━━━ Provided entries

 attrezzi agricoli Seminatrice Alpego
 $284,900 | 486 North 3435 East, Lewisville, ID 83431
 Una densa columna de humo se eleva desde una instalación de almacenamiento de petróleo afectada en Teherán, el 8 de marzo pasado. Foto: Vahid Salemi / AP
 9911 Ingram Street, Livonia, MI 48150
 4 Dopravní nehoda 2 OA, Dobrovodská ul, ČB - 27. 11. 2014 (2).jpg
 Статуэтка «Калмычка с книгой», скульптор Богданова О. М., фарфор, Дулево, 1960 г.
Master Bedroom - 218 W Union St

━━━━━━
━━━ Provided entries

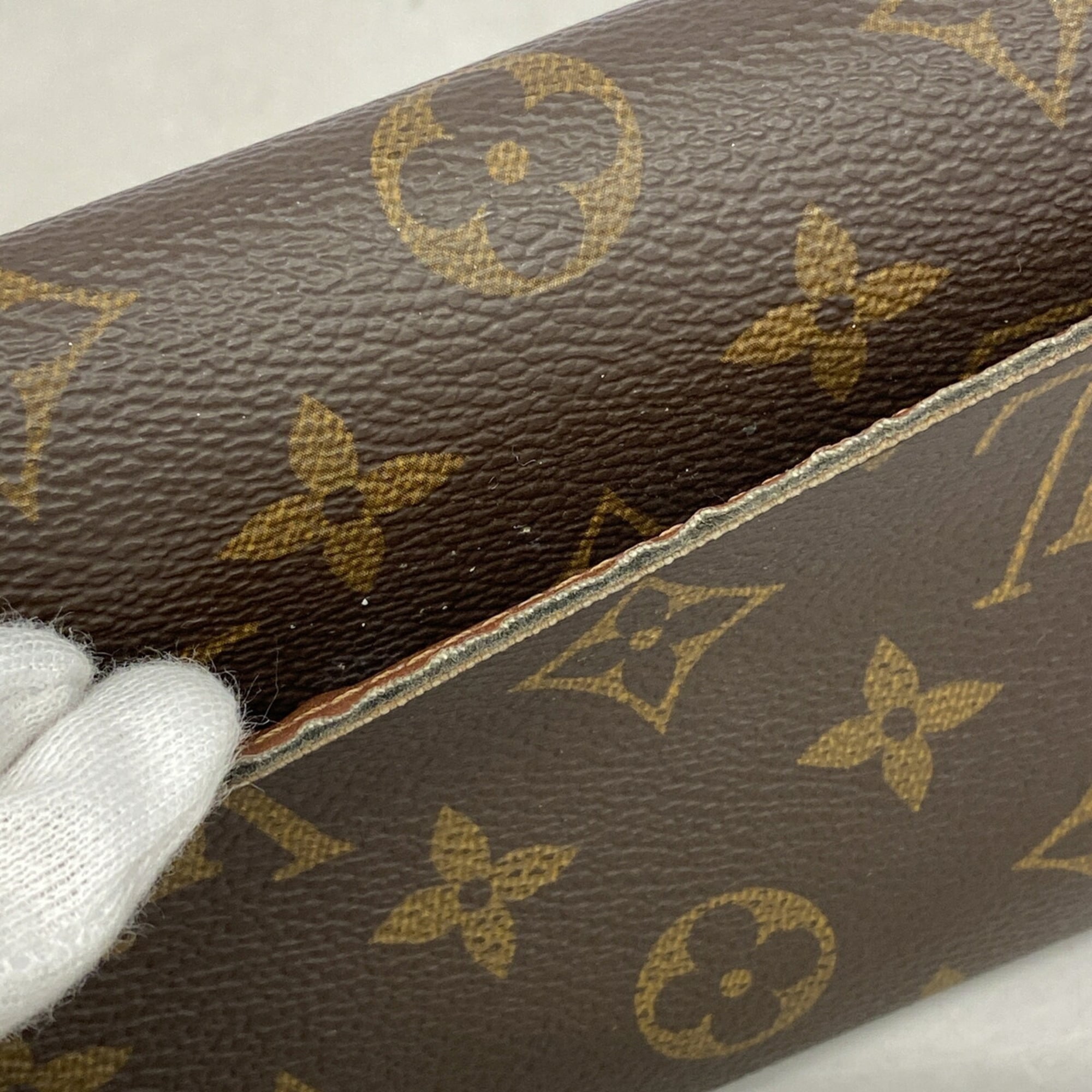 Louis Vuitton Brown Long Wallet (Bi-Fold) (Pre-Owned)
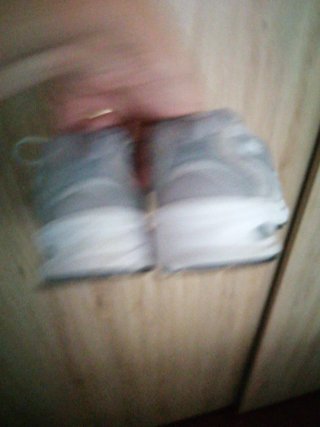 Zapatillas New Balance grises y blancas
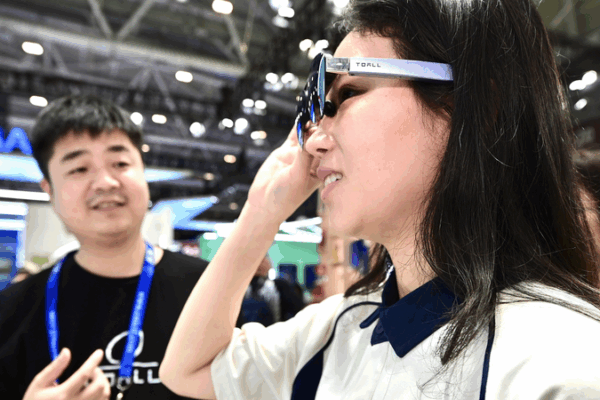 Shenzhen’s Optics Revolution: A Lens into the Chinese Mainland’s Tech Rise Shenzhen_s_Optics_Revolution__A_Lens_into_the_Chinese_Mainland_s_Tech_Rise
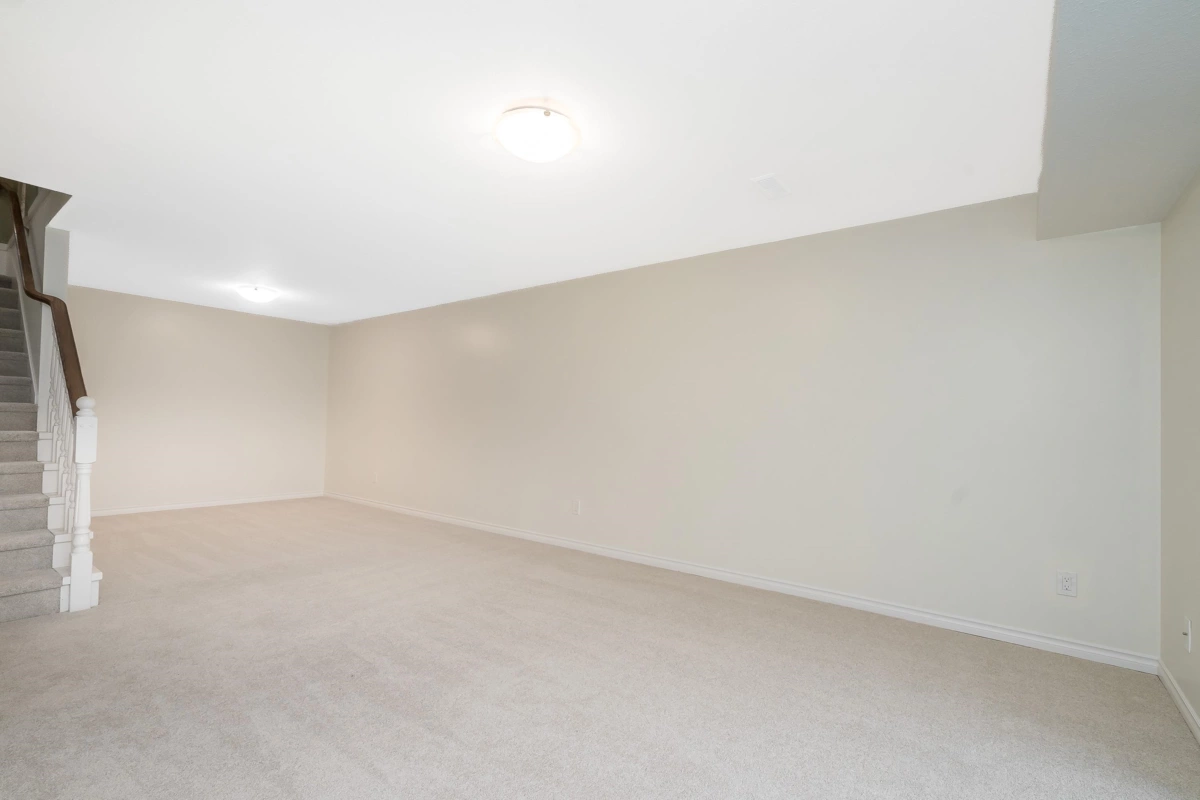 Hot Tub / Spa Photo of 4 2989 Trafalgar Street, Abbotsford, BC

━━━━━━

In the entries above, find the line containing "Shenzhen’s Optics Revolution: A" and the line containing "Hot Tub / Spa"; give again exactly those two lines and every line between them, minus the pictures.

> Exercise solution:
 Shenzhen’s Optics Revolution: A Lens into the Chinese Mainland’s Tech Rise Shenzhen_s_Optics_Revolution__A_Lens_into_the_Chinese_Mainland_s_Tech_Rise
 Hot Tub / Spa Photo of 4 2989 Trafalgar Street, Abbotsford, BC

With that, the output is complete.